The criminal referral against Robinson was filed last week, said the person with direct knowledge of the matter.

“It appears he acted alone and took strong measures to avoid detection within Shell by failing to report companies and accounts registered in his name that fell outside the company’s protocols on eliminating conflicts of interest, the person said. Some of the emails Shell is scrutinizing are encrypted”, the person said.

Swiss Account
Prosecutors in Milan, as part of their investigations into whether part of Shell and Eni’s payment to the Nigerian government for OPL 245 was funneled to other individuals, have been looking at links between Robinson and a Seychelles-based company called Energy Venture Partners Ltd., court documents show.

A bank account linked to Robinson was frozen by the Attorney-General in Switzerland after requests for legal assistance from the Dutch and Italian authorities, people familiar with the matter said last week. Several hundred million Swiss francs were in the account, the Tages-Anzeiger newspaper reported, citing people it didn’t name.
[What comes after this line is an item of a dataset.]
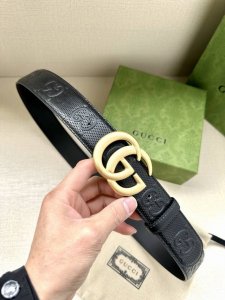 Width 4.0cm This Gucci piece connects the brand's past and future, reinterpretin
Shell’s own investigation has so far concluded those accounts weren’t linked to the OPL 245 transaction, but instead may have been used for kickbacks from the sale of OML 42, the person said.

“On OPL 245, we continue to believe, from our review of the prosecutor of Milan’s file and all of the information and facts currently available to us, there is no case to convict Shell or its former employees,” Shell said by email.
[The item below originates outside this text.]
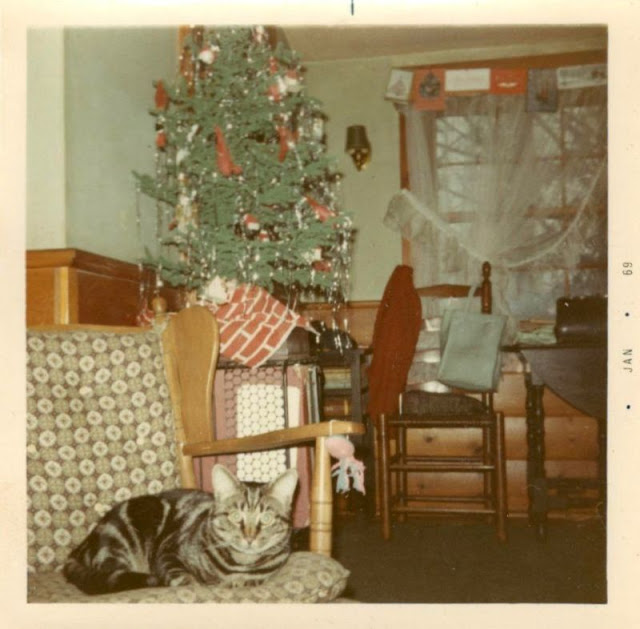 Christmas House Interior 1950s and 1960s 2 25 zdjęć pokazujących, jak wyglądały świąteczne dekoracje w latach 50. i 60.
Last year, oil workers under the umbrella of the Petroleum and Natural Gas Senior Staff Association of Nigeria, PENGASSAN, had threatened to shut down OML 42 over non-compliance with an agreement reached on a transfer of 25 workers to Warri.

Same last year, an allegation of tribalism was also levied against the firm by Gbaramatu communities in Warri.

The communities had alleged that the management of Neconde refused to honour an agreement to remit 5.0 percent of its 45 percent equity to OML 42 host communities and that there has not been any community re-entry project since recommencement of oil exploration activities in OML 42 in 2012.

1 COMMENT

  1. Quite informative. However, I’d like to point out some inaccuracies in the write-up.
    1. The full meaning of NEL is “Neconde Energy Limited” and not “Nestoil Energy Limited”. Neconde Energy Limited and Nestoil Limited are part of the Obijackson Group.
    2. The production capacity of OML42 has increased to 77,000 bpd, although the target is 80,000 bpd and no longer 20,000.